Pearson has reinforced guidance that it expects to return to underlying profit growth in 2018 after posting underlying revenue growth of 2% and adjusted operating profit up 46% year-on-year for the first half of 2018. However it reported Penguin Random House - in which Pearson still has a 25% stake - saw sales fall in the first half owing to "softer fiction print sales and lower e-book sales", only "partially offset by rising audio sales".
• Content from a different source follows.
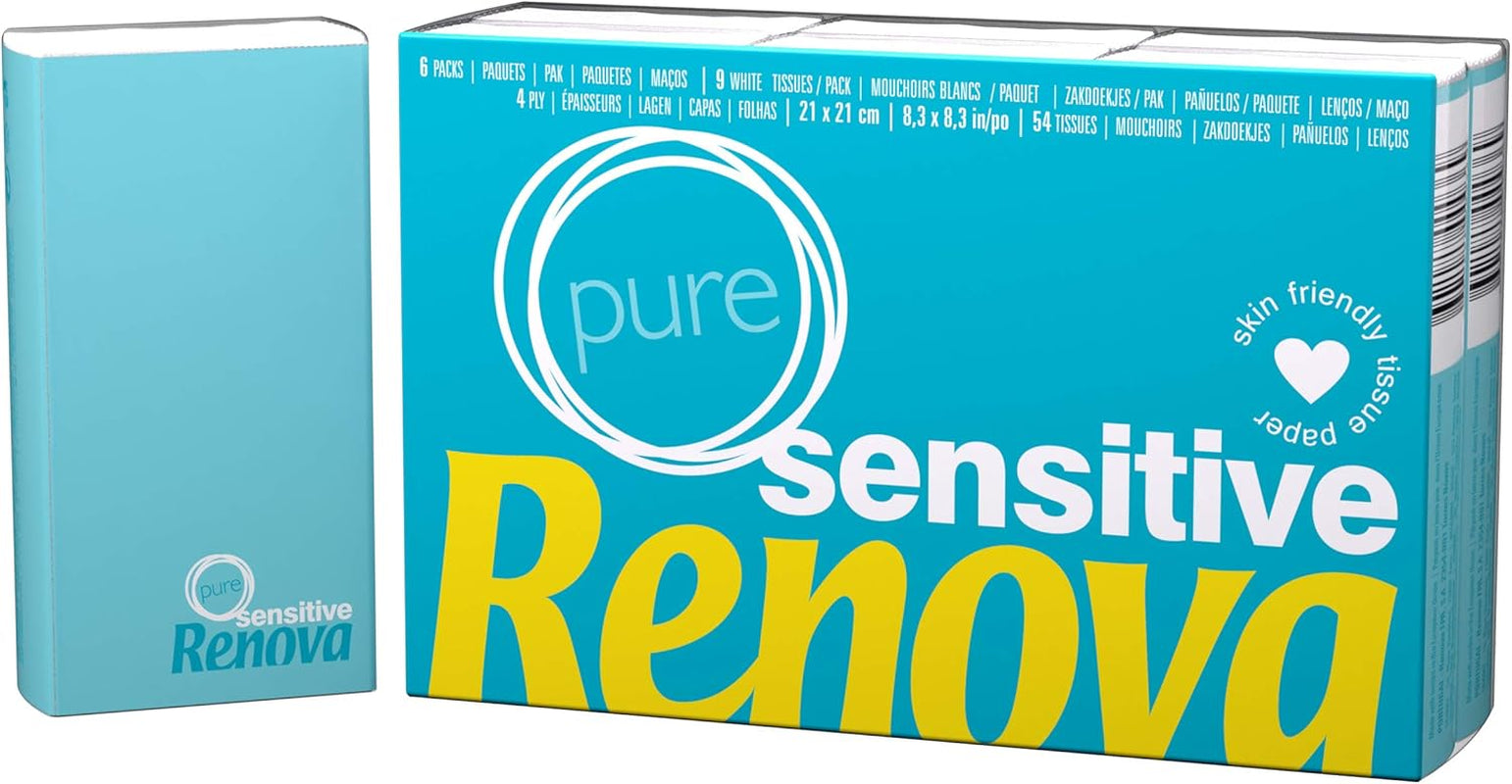 Renova Handkerchiefs Sensitive Pure - 6 pachete de servetele albe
According to Pearson's first half report, Penguin Random House saw "revenues down on an underlying basis year on year", although figures were not disclosed. However Pearson said the business did benefit from major bestsellers by Bill Clinton and James Patterson, Jordan Peterson, Lee Child, R J Palacio and Dr Seuss. Pearson's stake in PRH contributed £22m to the education company's adjusted operating profit, down 4% in underlying terms, and down 52% in headline terms primarily due to the disposal of Pearson's 22% stake in the business to Bertelsmann in October 2017.
First-half TCM figures from Nielsen BookScan put Penguin Random House UK sales in the UK at £137.8m, down 1.6% on the same period last year.
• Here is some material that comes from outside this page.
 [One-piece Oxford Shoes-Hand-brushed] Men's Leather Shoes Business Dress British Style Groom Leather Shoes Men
Pearson's own headline sales dropped 9%, from £2,047m in the first half of 2017 to £1,865m in the first six months 2018 (to 30th June), but were up 2% on an underlying basis. Underlying revenue in Pearson's largest market, North America, rose 3%, while Core increased 2% and Growth fell 4%. North American Higher Education Courseware digital revenue grew "modestly" in the first half, helped by lower returns, Pearson said, but forecast a decline in net sales in the second half "as gross sales continue to be impacted by ongoing underlying market pressures".
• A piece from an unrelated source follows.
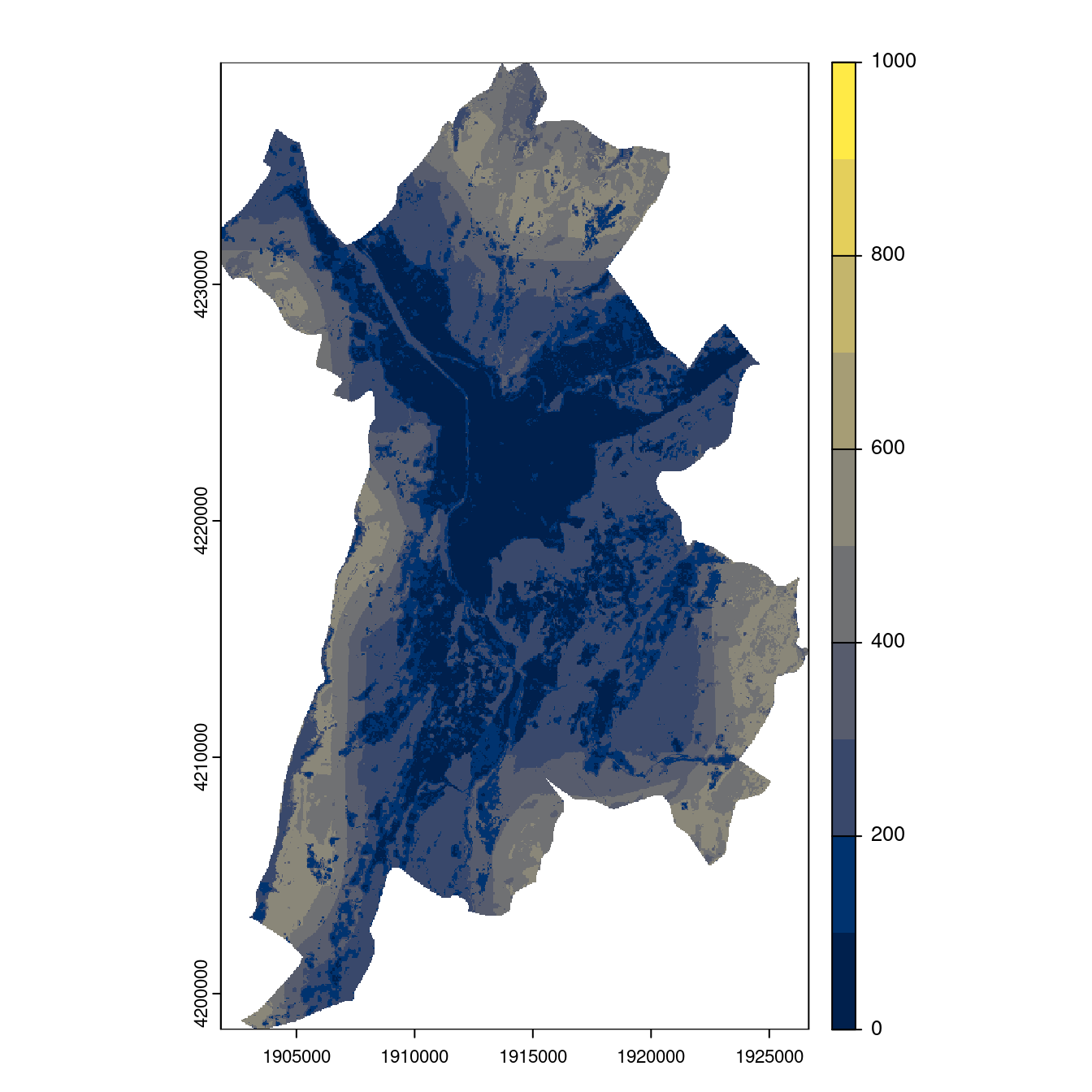 Projection des distributions potentielles contemporaine et futures jusqu'à l'horizon 2100 sous le scénario SSP5-8.5 (modèle d'ensemble, GCM IPSL).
Going into "selling season", and with Pearson’s sales weighted towards the second half of the year, pressure points for Pearson continue to include lower student enrolments and shifts in the US market towards textbook rental, an area that Pearson is moving into more.
Pearson's adjusted operating profit was flat at £107m on this time last year, but up 46% in underlying terms, attributed to sales growth and savings from its 2017-2019 restructuring programme. Statutory operating profit came in at £233m, up from £16m in the first half of 2017.
Pearson restated its guidance for 2018, outlined also in its first quarter results, that it expects adjusted operating profit of between £520m and £560m and adjusted earnings per share of 49p to 53p. Its simplification plans are said to be "on track", having delivered cost savings of £40m delivered in the first half of 2017 and forecasting £300m savings by end of 2019.
If profit does rise, it will be for the first time in six years. Challenges in the US education market resulted in a £2.6bn pre-tax loss for 2016 and forced Pearson to slash thousands of jobs in a bid to make the company "leaner" and "more agile".
Recent highlights for Pearson during the first half of 2018 include the appointment of a head of AI to lead its R&D team, agreeing its fifth UK online degree partnership with Northumbria University, and extending its US student assessment contracts in Kentucky and Arizona while also being awarded new contracts in Utah and Iowa.
No update was offered on its US K12 courseware business, which continues to be held for sale.
John Fallon, chief executive, said: “Although there is still much to do, we have had a good first half and continued to make progress against our strategic priorities. We are driving ahead in digital learning, helping more people develop the skills they need to prosper in a fast changing world.”